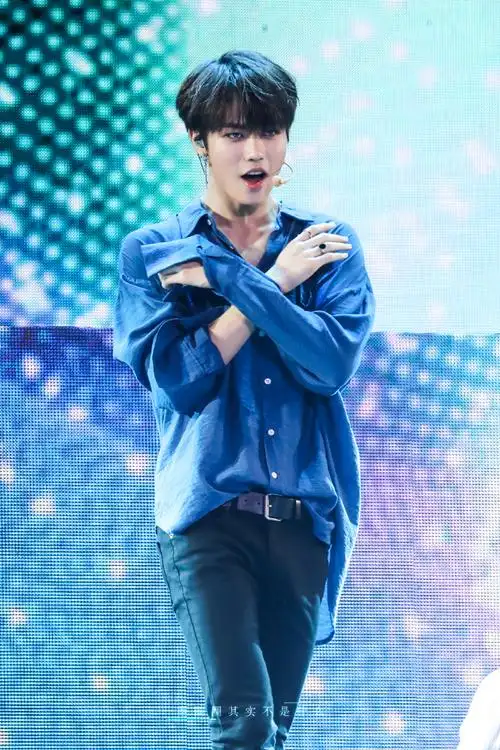 很多次但是还是最喜欢蓝色衬衫#是的我终于把蓝衬衫修出来惹#@林彦俊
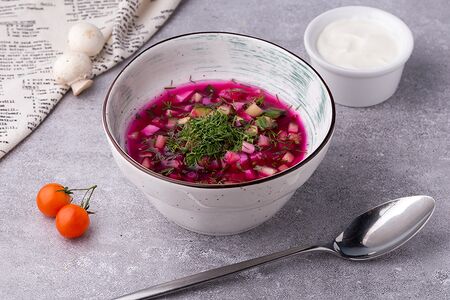 Холодный борщ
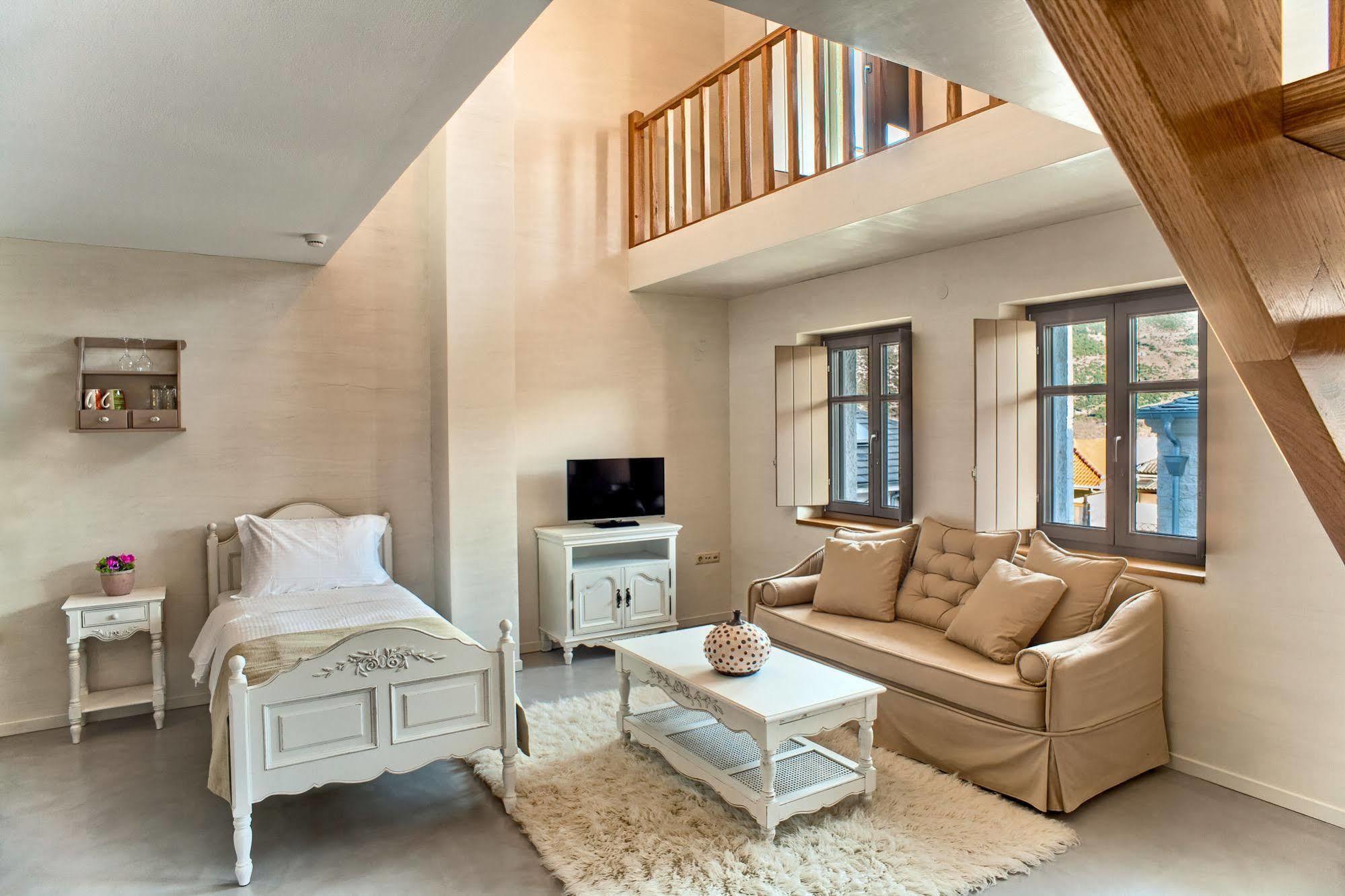 Haones Suites Ioannina Ngoại thất bức ảnh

* * * * * * * * *

- _Your task_: Copy the listing above word for word. Do not include the pictures.

- _Answer box_:
 很多次但是还是最喜欢蓝色衬衫#是的我终于把蓝衬衫修出来惹#@林彦俊
 Холодный борщ
 Haones Suites Ioannina Ngoại thất bức ảnh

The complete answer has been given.